En Guinée, l’histoire politique pourrait se résumer à une formule brutale mais exacte : les élections n’y servent pas à choisir un pouvoir, mais à le confirmer.
Depuis 1958, aucun régime n’a jamais organisé un scrutin qu’il risquait réellement de perdre. De Sékou Touré à Lansana Conté, d’Alpha Condé au CNRD de Mamadi Doumbouya, le scenario change, mais le résultat reste le même.
La récente pseudo-élection présidentielle organisée par la junte au pouvoir n’est donc ni une surprise ni une anomalie. Elle est la répétition fidèle d’un vieux rituel guinéen et africain : faire semblant de consulter le peuple pour mieux confisquer sa souveraineté.
– Une vieille recette bien connue
Le procédé est bien rodé, presque scolaire. D’abord, prendre le pouvoir par la force ou par la ruse constitutionnelle. Ensuite, neutraliser l’opposition, par la peur, la justice instrumentalisée, l’exil, l’asphyxie administrative ou la prison. Puis, resserrer l’espace civique, museler les médias, interdire les manifestations, criminaliser la contestation.

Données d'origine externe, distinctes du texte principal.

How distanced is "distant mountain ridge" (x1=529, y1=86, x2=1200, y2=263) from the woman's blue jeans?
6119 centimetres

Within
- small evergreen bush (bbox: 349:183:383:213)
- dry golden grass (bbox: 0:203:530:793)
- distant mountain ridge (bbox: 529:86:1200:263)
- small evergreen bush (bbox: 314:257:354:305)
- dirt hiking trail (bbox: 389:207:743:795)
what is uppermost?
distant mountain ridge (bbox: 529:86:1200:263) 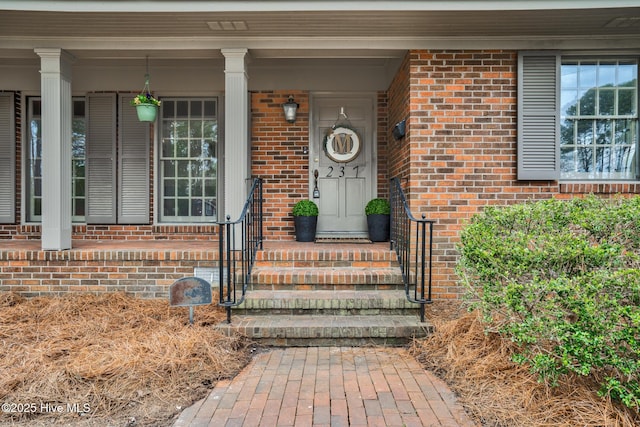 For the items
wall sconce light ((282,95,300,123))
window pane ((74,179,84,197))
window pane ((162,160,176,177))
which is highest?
wall sconce light ((282,95,300,123))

Enfin, organiser une élection sous contrôle, présentée comme une avancée historique, une « refondation », un retour à l’ordre constitutionnel.
Dans ces conditions, comment perdre une élection ?
Quand on contrôle l’État, l’armée, l’administration, le calendrier électoral, les institutions de validation et parfois même la peur, le verdict des urnes est connu d’avance.
– De la transition promise à la confiscation assumée
Le CNRD était arrivé au pouvoir en jurant de rompre avec les pratiques du passé. Il promettait une transition, une refondation, une Guinée réconciliée avec la démocratie. Mais très vite, le masque est tombé. La transition s’est transformée en installation durable, et la promesse de rupture en reproduction fidèle des vieux réflexes autoritaires digne de l’ère du PDG.
La présidentielle organisée sous l’autorité du caporal-chef légionnaire répondant au nom de Mamadi Doumbouya n’a jamais été conçue comme une compétition politique équitable. Elle a été pensée comme un acte de légitimation, un tampon institutionnel destiné à donner une façade électorale à un pouvoir issu d’un coup d’État.
Ce n’est pas une élection. C’est une certification interne du pouvoir.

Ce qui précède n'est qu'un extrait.